2. Cipher/Digest Algorithms

	Supported algorithms:
		Ciphers: DES, 3DES and AES
		Digests: MD5 and SHA1

	We use CryptoAPI as cipher/digest algorithm.
	- CryptoAPI
		http://www.kerneli.org/

3. PF_KEY v2 Implementation

	We introduced struct sockaddr_storage{} to handle both IPv4 and
	IPv6 in Security Association Database (SADB) and Security
	Policy Database (SPD).

	We conform to RFC2367 (PF_KEY_V2).
	Many other implementations have extended PF_KEY_V2 protocol to
	process IPsec Security Policy.
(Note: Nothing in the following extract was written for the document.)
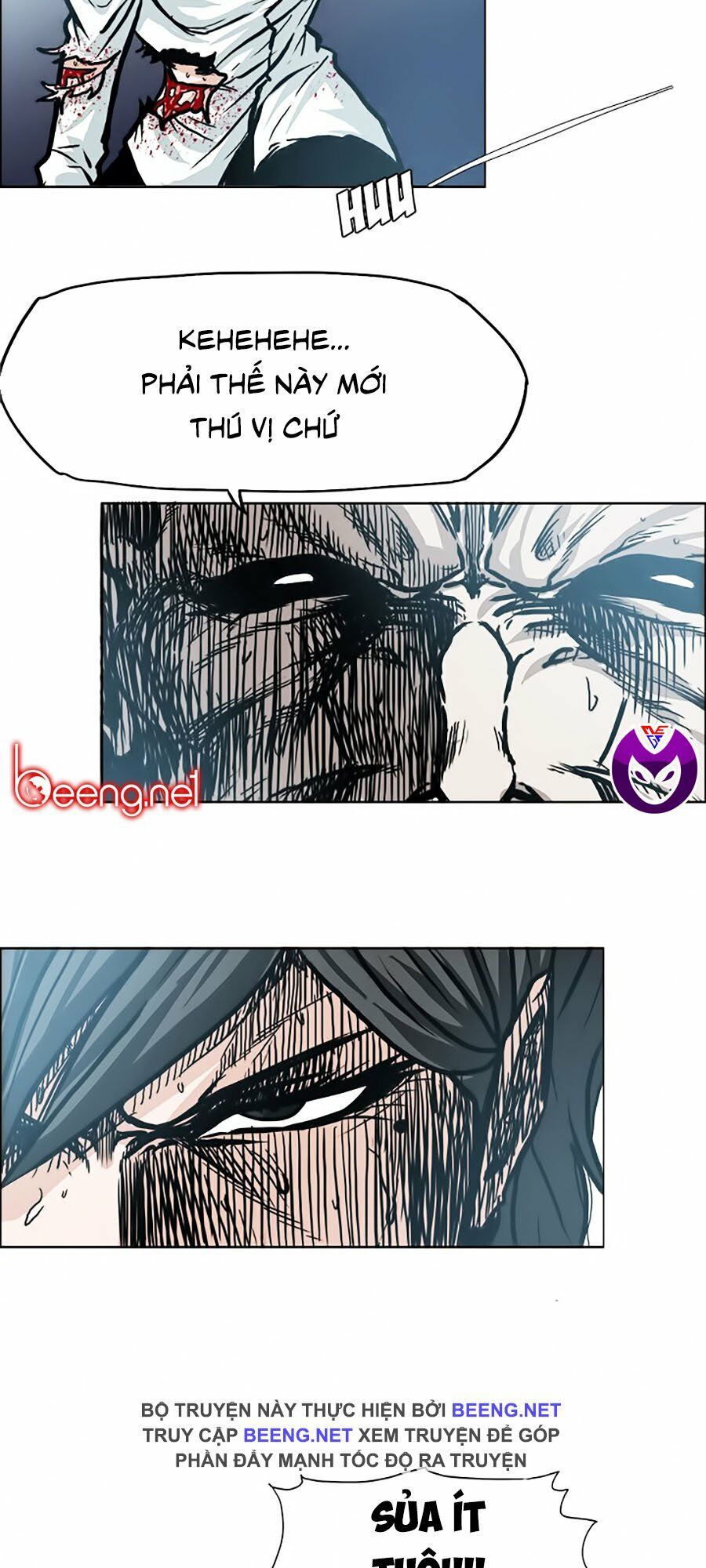 bá chủ học đường ss2 chapter 49 36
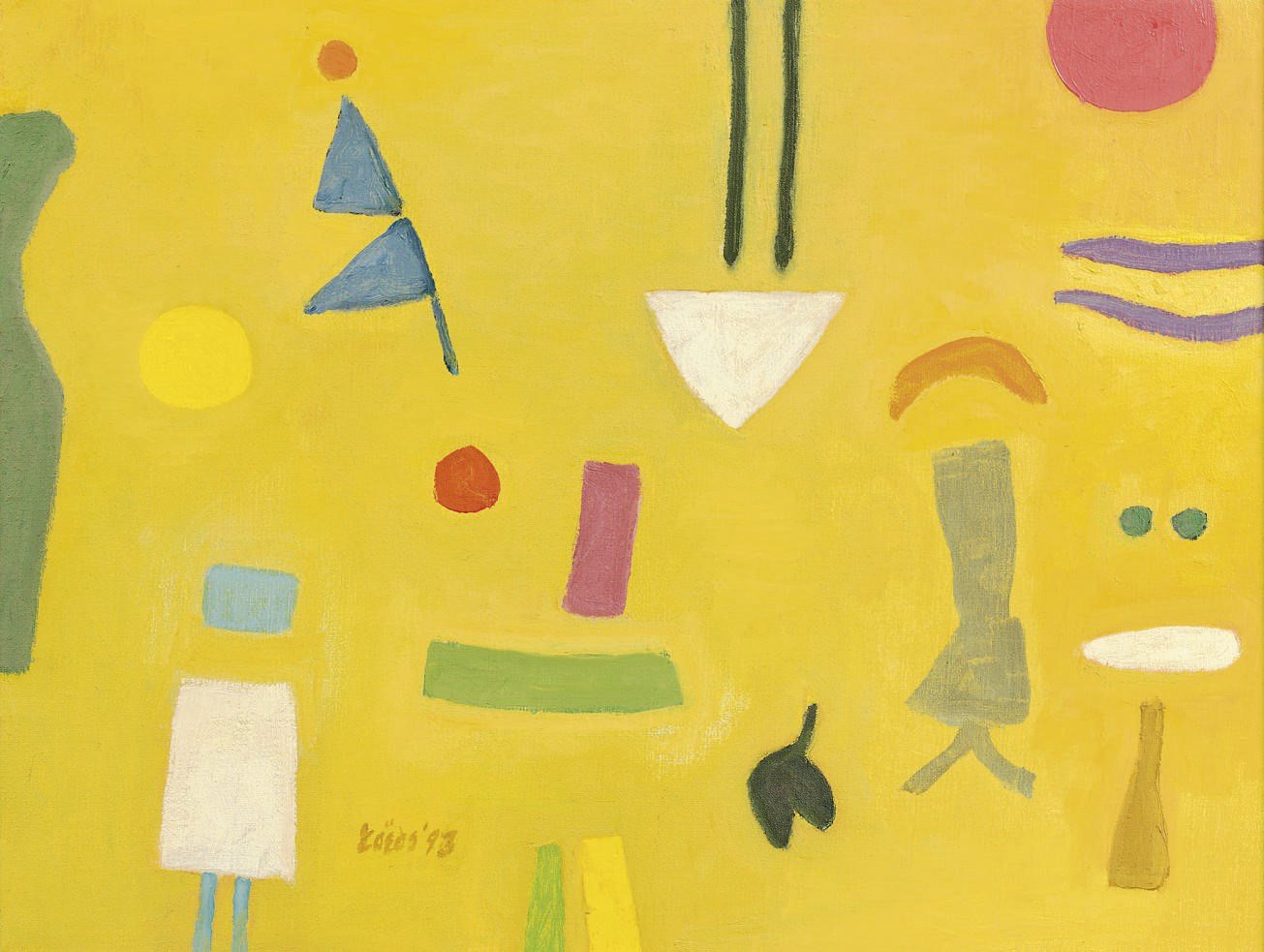 Jan Roëde (Dutch, 1914-2007)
We have implemented FreeS/WAN's
	PF_KEY extension in order to be compatible with their
	IKEv1 daemon (Pluto).

4. IPsec Implementation

	RFC 2401  Security Architecture for IP
	RFC 2402  IP Authentication Header
	RFC 2406  IP Encapsulating Security Payload

4.1 Supported Header Order

	We support [AH], [ESP], and [AH][ESP].

4.2 IPsec Mode

	Transport Mode

		IPv[46]:
		 We implemented inside IP stack.

	Tunnel Mode
		We implemented  IPsec Tunnel Mode by making use of IP
		over IP tunnel 

		IPv6:
		 We realized it by making use of HUT(mipl) IPv6 over
		 IPv6 tunnel.

		IPv4:
		 Not yet implemented.(Do we use net/ipv4/ipip.c ?)

4.3 Packet Processing

	Inbound Processing

	Our implementation parses AH and ESP in extension header
	parsing routine	(ipv6_parse_exthdrs()). The kernel
	parses AH and ESP and keeps the information of SAs which are
	used during the processing in skb->cb as struct	inet6_skb_parm{}.
	The kernel keeps the AH SA information as offset from a IPv6
	header 	(the kernel doesn't remove AH header). 
	It also keeps ESP SA information as SPI value.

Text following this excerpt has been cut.